Apparently, I have a liking for letting algorithms do the work I'm supposed to do. This thread is something like an open thought process and discussion platform at the same time. Feel free to add your own thought or pick up where I left off.
But first, let me tell you a bit about Pen and Paper Roleplaying Games
. It's basically an excuse for nerds to get together and do social stuff while still keeping up their regular I'm-living-in-a-cellar-reputation. I occasionally happen to be part of such events and organized one myself. Here are the basics, if you don't know them already:
- 4-5 people get together and decide to play a Pen&Paper RPG over the course of a few tightly packed days or in a long-running session (once a week or so) that spans months or even years.
- One of those people will be the game master, the others will be players.
- Each player plays a character in the game world, with actual stats and inventory and stuff, written on a piece of paper, the character sheet.
- The game master designs, "simulates", represents, plays and describes the world, including all NPCs, challenges, storyline, setting, etc.
- Players describe what they attempt to do and how they do it.
- The game master describes what happens - both in the world, and what happens as a response to non-trivial player actions (do they work? how well? what happens?)
And here we go. That's basically it, the rest depends on the ruleset and mostly, on the playstyle of game master and players. As far as rulesets go, there are a lot of them: Dungeons and Dragons, The Dark Eye, Vampire: The Masquerade, various Warhammer 40k systems, and many more that I probably forgot here. Now, what does pen & paper rpgs have to do with Procedural Generation?

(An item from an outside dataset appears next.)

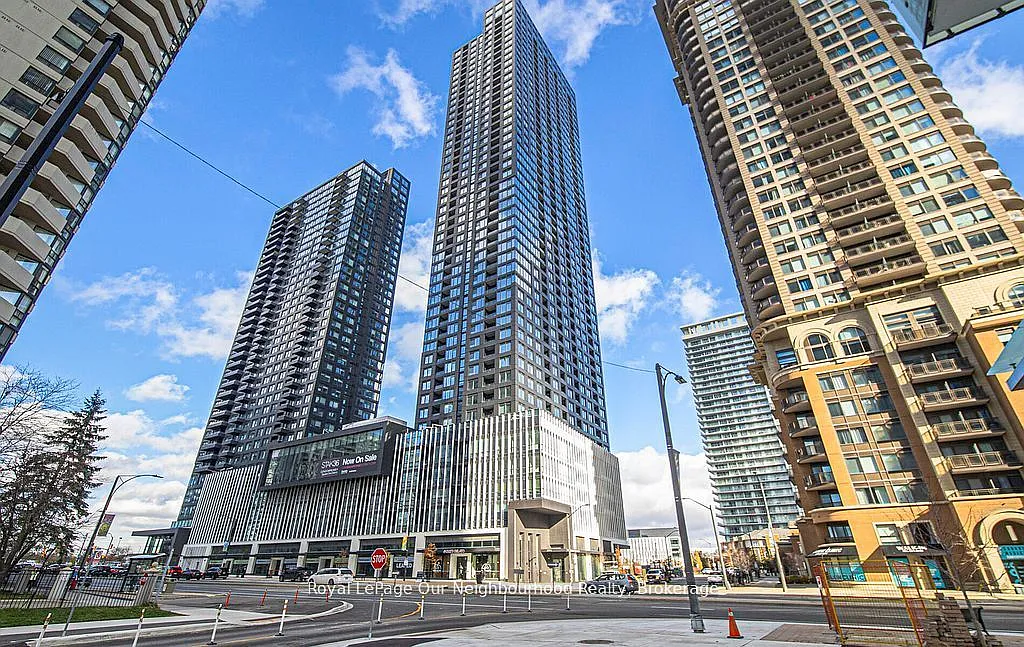 2 bed, $2,600 — Photo 1
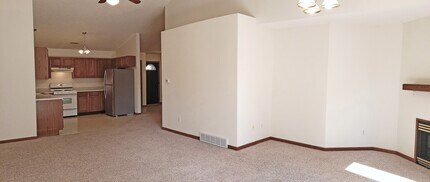 304 Cayman St in Iowa City, IA - Foto de edificio - Building Photo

As a game master, you're in the position to not only come up with a general storyline and setting, as well as applying the rules, but you also need to react dynamically to what players do. If they decide to visit that mining village you just mentioned at some point, well, you better come up with something soon. Essentially, you're building the world around them, and it's always a challenge to do so fast and consistent enough, so they don't notice the seams, or those spots where you didn't think of something yet. And this is where Procedural Generation comes in handy.
So, the core thought of this was relevant when I needed to come up with a big city, looked for city map generators and didn't really find a good one. Wouldn't it be awesome if you could just generate the city in a consistent way, with different quarters, a reasonable layout, from way up to a general overview to way down to individual buildings? This would certainly be useful not only to pen & paper roleplay, but also for digital roleplaying games.
However, as I discovered during my master thesis, a key ingredient to consistency is context. You can't just generate a building without knowing where it stands, what purpose it has, or why it is there in the first place. And you can't generate a city without knowing what's around it, why it was founded at that specific spot, what Resources it has access to, what needs to be imported and what can be exported. As you'll notice, we're slowly approaching "Dwarf Fortess" terrain here.
Okay, so.. suppose I wanted to create some serious ProcGen backup for my pen & paper stuff - or, a digital rpg game - I should probably start at the world level, right? Generate a reasonable world first, and then proceed with.. say.. countries or "political regions". Next in line would be.. cities and settlements? Then city quarters, local demographics, then... buildings? Next in line would be NPCs?
To actually generate all of this from way up to way down is probably not viable, or too much work for a small side project, but it's kind of an interesting thought. Do you know any existing projects in that direction? Where did it fail when it was tried before?